火花散り、激しさを増すコナミと隼、零児とデニスのタッグデュエル。互いに互いを高め合うようなデュエルを見て、管制室で見学していた零羅は目を輝かせていた。

 

「……!……!」

 

「ん?零羅様?ああ、デュエルが面白いのですか?」

 

中島のスーツの袖を握り、クイクイと引っ張ってパァッと表情を明るくする零羅を見て、中島がクスリと笑う。無口な零羅であるが、こう言う所はやはり年相応の子供らしい。

 

また、人見知りする性格なのだが、零児と中島だけには今まで接した時間の長さもあってこうして懐き、積極的に話しかけてくれる。一応瑠那とも話してくれるがやはり優先度が違う。

2人の母である日美香は長い時間接している割りに懐いてくれなくて落ち込んでいるが。

 

「私としてはあなたを闘わせたく無いのです。ランサーズ入りも反対しました。フフ、長い事勤めていますが、社長に反発したのはあれが初めてですね。ですが――社長はあなたを信頼しているのでしょう。ですからこうして、色々なデュエリストを見て、勉強してください。あ、あの赤帽子と黒咲はダメですよ。赤帽子は何をするか分からないアホですし、悪影響です。黒咲は猛犬です。近寄ったら噛まれます」

 

「ッ!?……か……噛む……?」

 

「親バカなの?中島さん、親バカよね?」

 

確かに言い方はあれだが、コナミと隼は零羅に悪影響を与えかねない。そんな彼等を指差して零羅から遠ざけようとする中島は、瑠那の目から見ても確実に親バカと呼ばれる人種だった。血は繋がっていないが。

 

――――――

 

「俺のターン、ドロー!」

 

ターンプレイヤーが隼へと移り、彼は勢い良くカードを引き抜く。折角のフォース・ストリクスももう1度効果を使うまでもなく破壊され、『RUM』をサーチする『ラプターズ・アルティメット・メイス』を装備したインペイル・レイニアスを破壊された。

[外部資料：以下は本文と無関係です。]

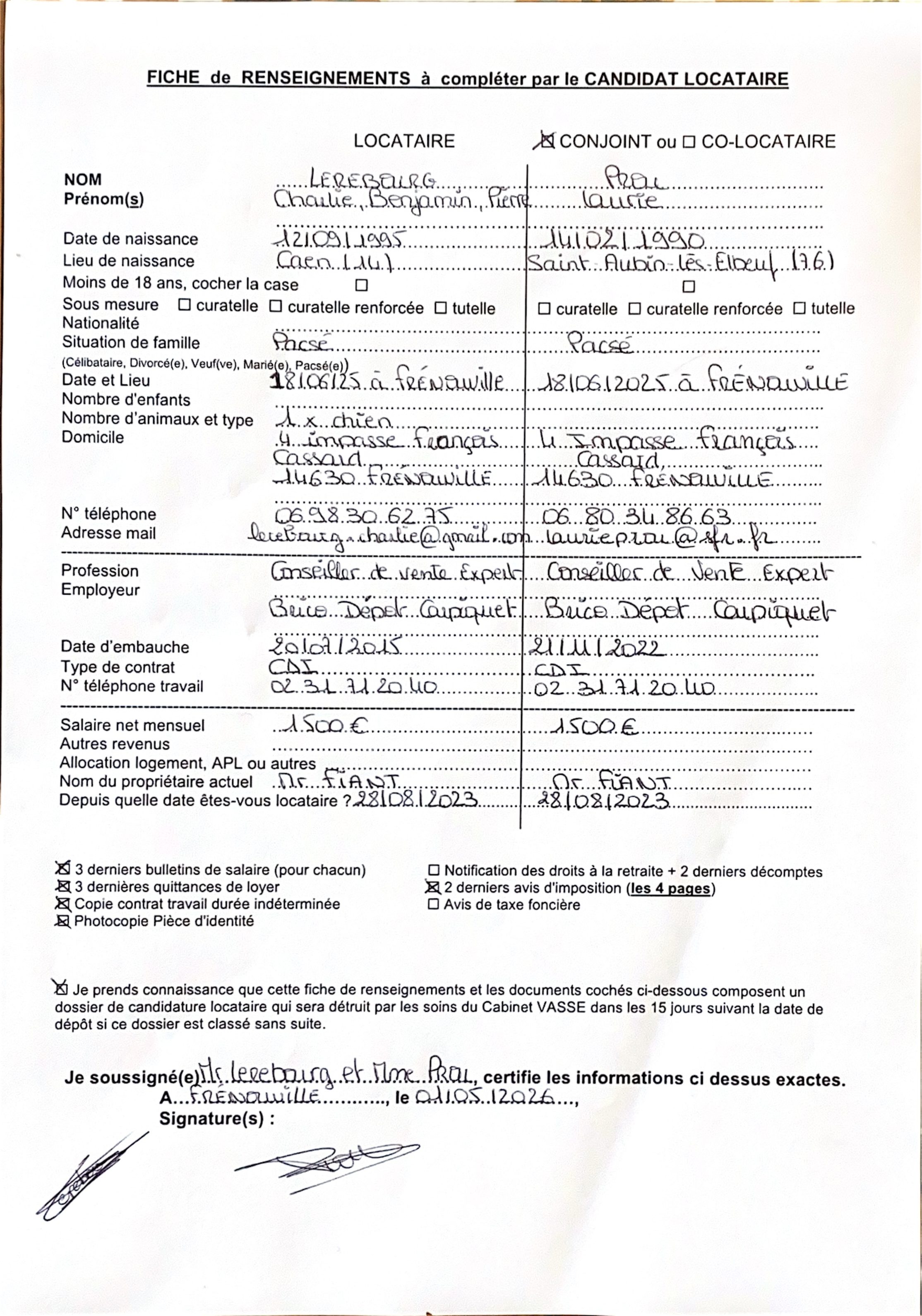 Aperçu de Fiche locataire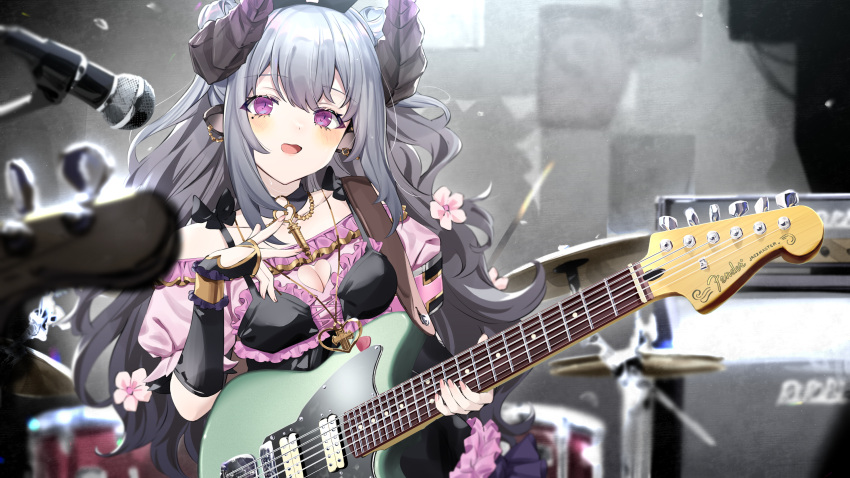 1girl absurdres animal_ears bangs bass_guitar black_choker black_dress black_gloves blush breasts chikafuji_lisa choker cleavage cleavage_cutout clothing_cutout commentary_request dress drum drum_set ear_piercing earrings electric_guitar fingerless_gloves flower gloves grey_hair guitar hair_flower hair_ornament heart heart_necklace highres holding holding_instrument horns instrument jewelry long_hair looking_at_viewer medium_breasts microphone mole mole_under_eye necklace open_mouth piercing purple_eyes riripoinya sheep_ears sheep_girl sheep_horns solo tsunderia virtual_youtuber wavy_hair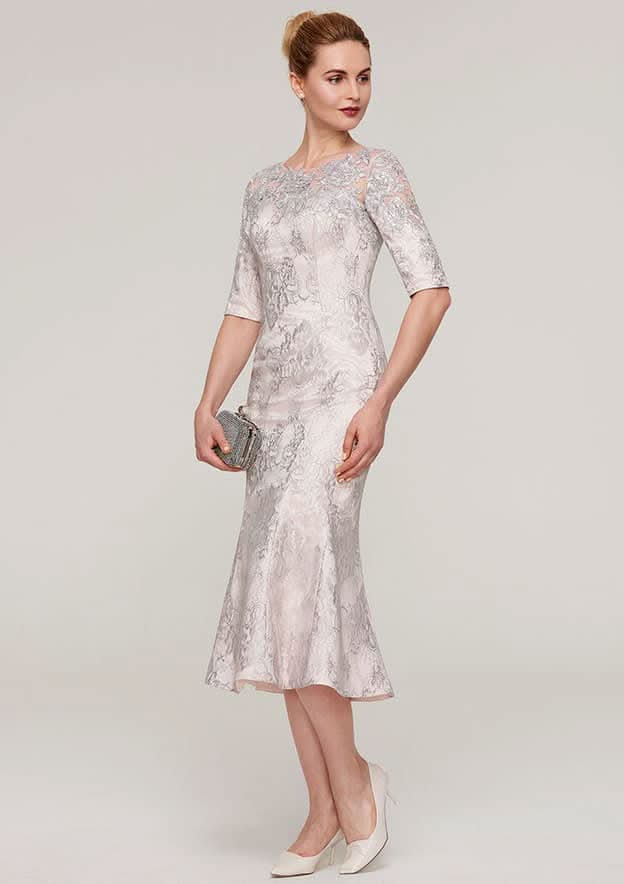 Tea-Length Lace Mother of the Bride Dress with Appliqued, Half Sleeve Bateau Sheath/Column BM bride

モンスター0、手札は3枚。対する相手フィールドには4体ものエクシーズモンスター。明らかに逆境だ。だからこそ――隼の実力は発揮される。

 

「ペンデュラム召喚!『RR―トリビュート・レイニアス』!『RRブースター・ストリクス』!」

 

RR―トリビュート・レイニアス 攻撃力1800

 

RR―ブースター・ストリクス 守備力1700

 

タッグパートナーであるコナミが用意してくれたペンデュラムを使い、一気にフィールドに2体のモンスターを揃える。順調だ。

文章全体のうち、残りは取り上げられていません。